╭─ Task inputs

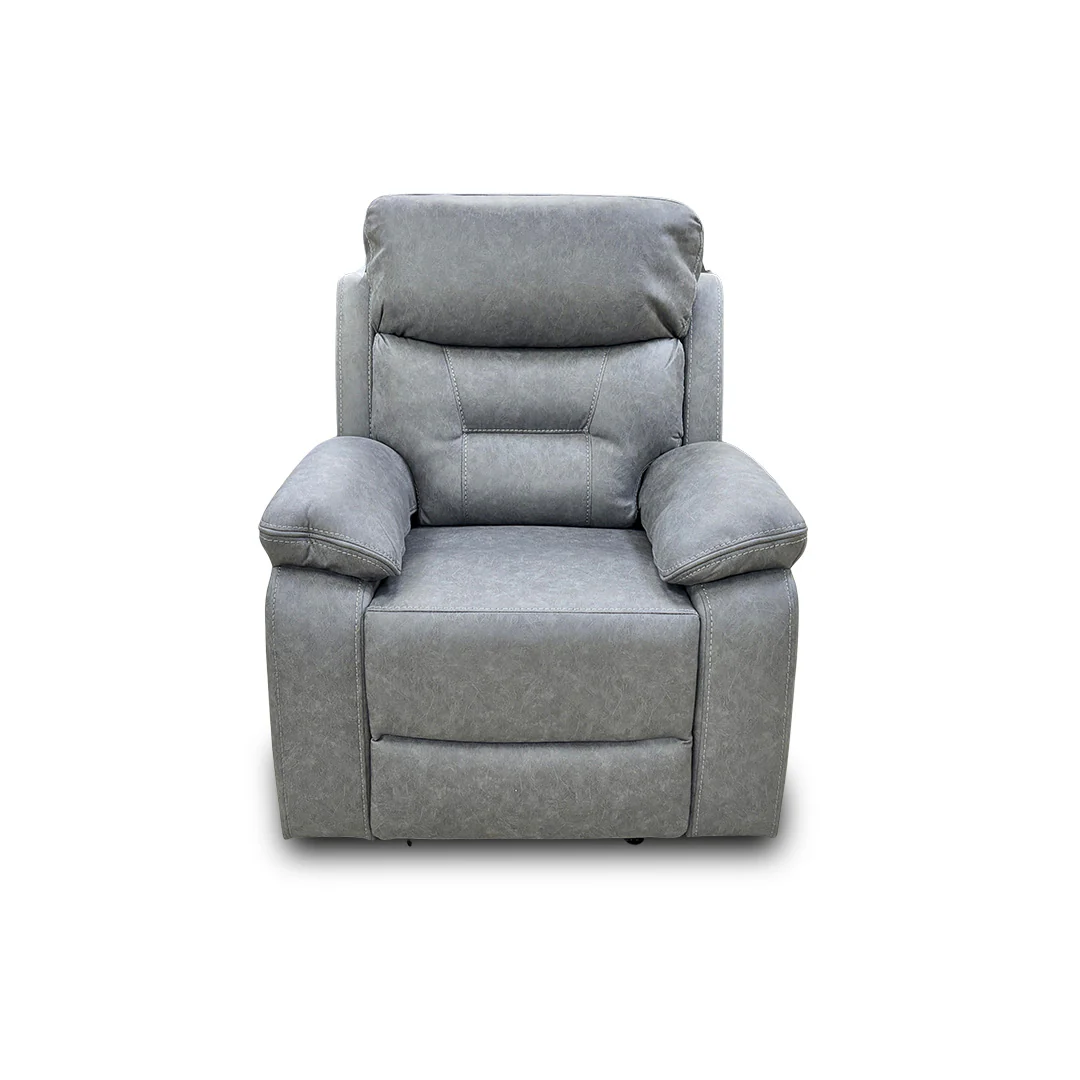‘Beaumont’ Grey Endurance Fabric Manual Recliner High Back Armchair - Image 3
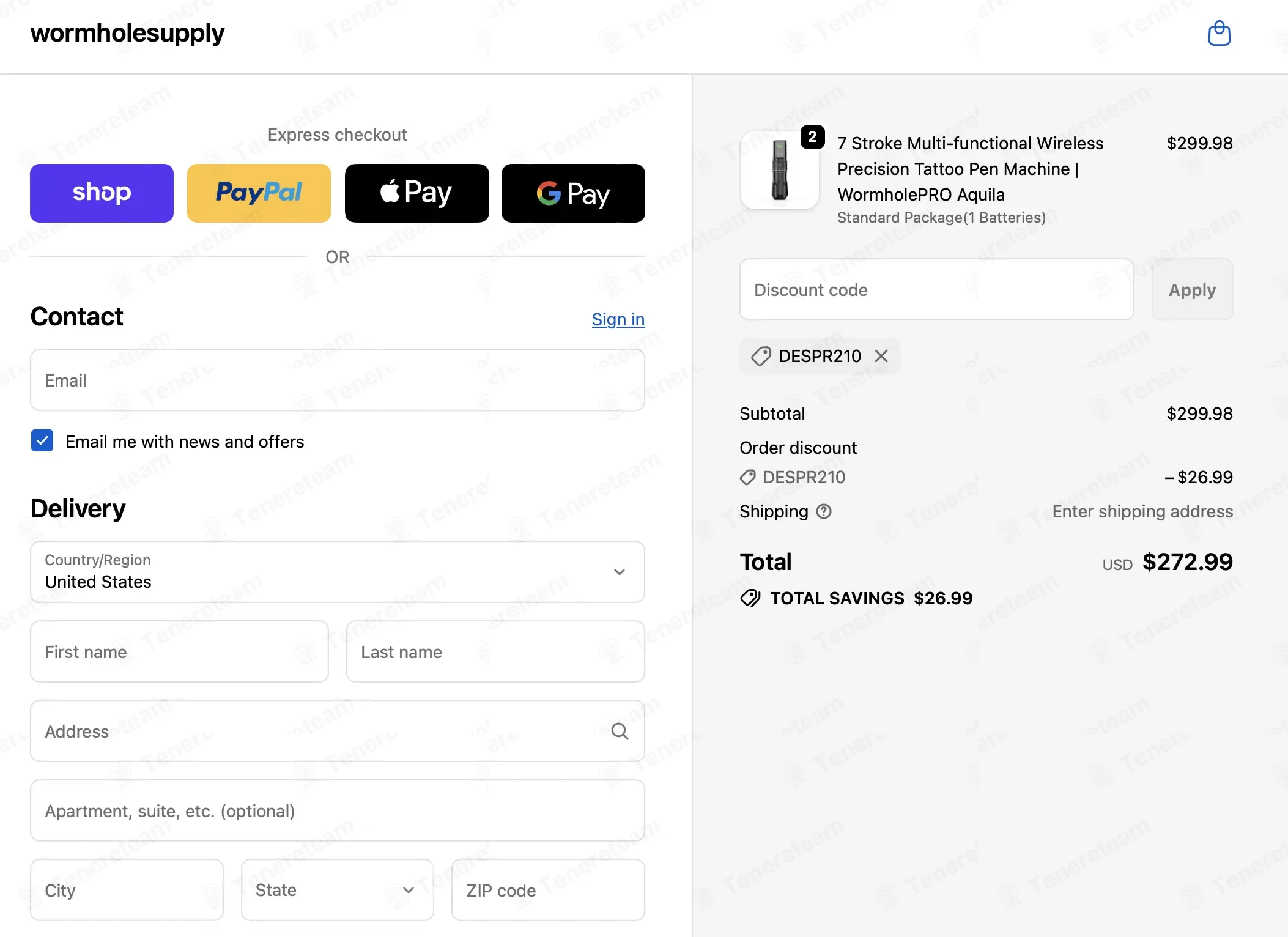 Wormhole Tattoo coupon code: 9% off with DESPR210. Tested and valid as 5 days ago.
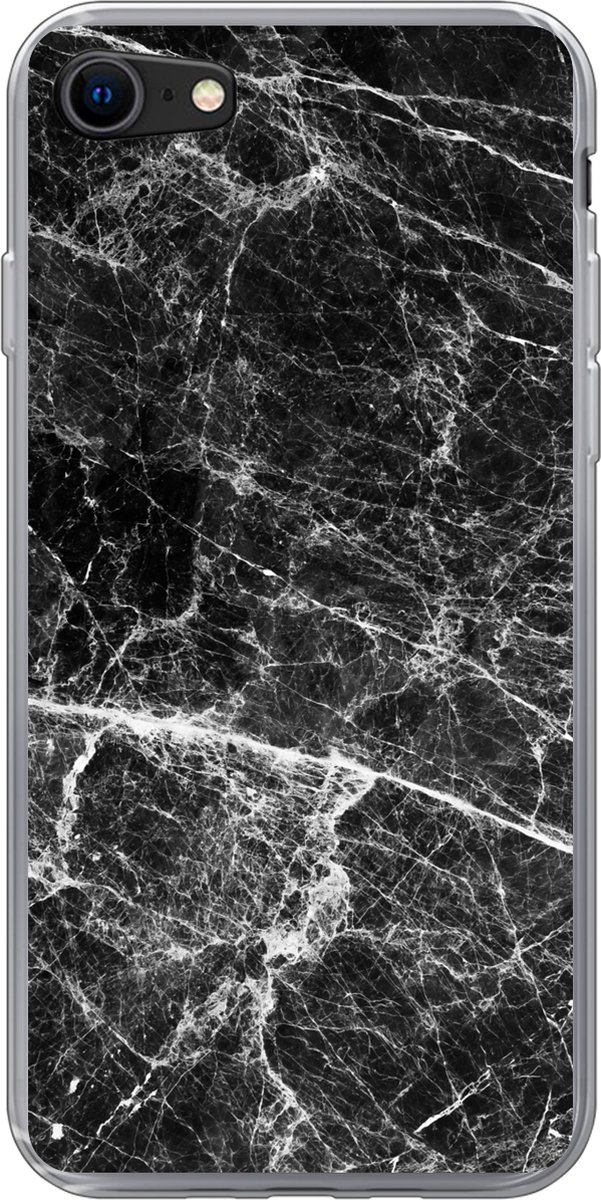 Telefoonhoesje Geschikt voor iPhone 8 hoesje - Marmer print - Steen - Zwart - Siliconen Telefoonhoesje Telefoonhoesje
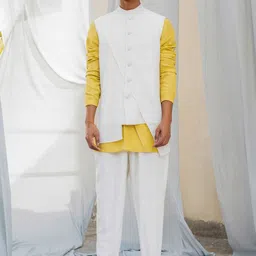 Antar-Agni Straight Linen Cross Panel Short Kurta with Payjama & Saint Waistcoat-image-2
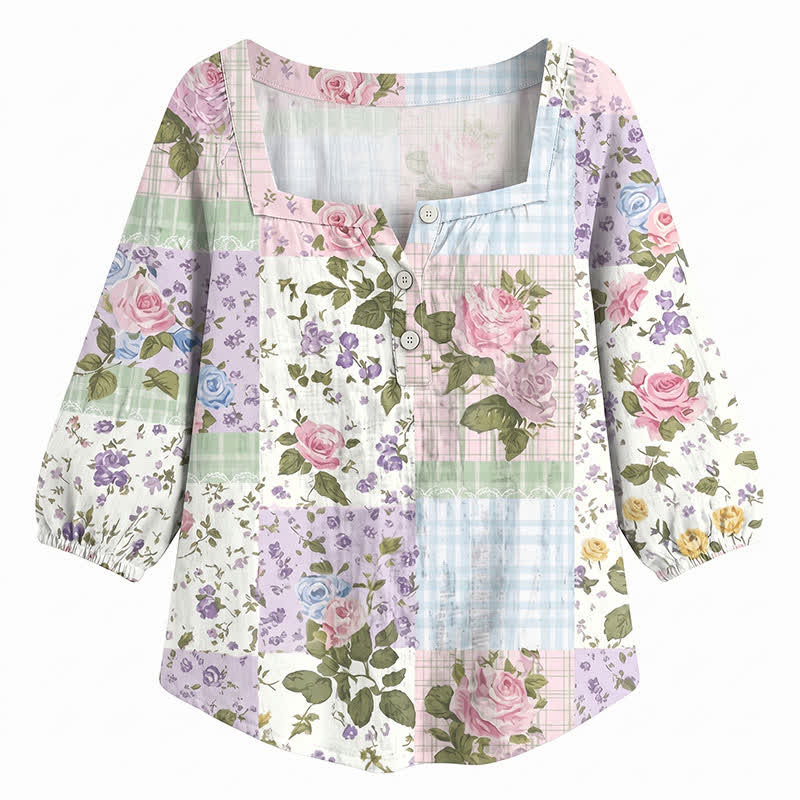 Blouse fleurie grande taille à col carré - image 28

╰─

Without copying any images, transcribe the records exactly as they stand.

‘Beaumont’ Grey Endurance Fabric Manual Recliner High Back Armchair - Image 3
 Wormhole Tattoo coupon code: 9% off with DESPR210. Tested and valid as 5 days ago.
 Telefoonhoesje Geschikt voor iPhone 8 hoesje - Marmer print - Steen - Zwart - Siliconen Telefoonhoesje Telefoonhoesje
 Antar-Agni Straight Linen Cross Panel Short Kurta with Payjama & Saint Waistcoat-image-2
 Blouse fleurie grande taille à col carré - image 28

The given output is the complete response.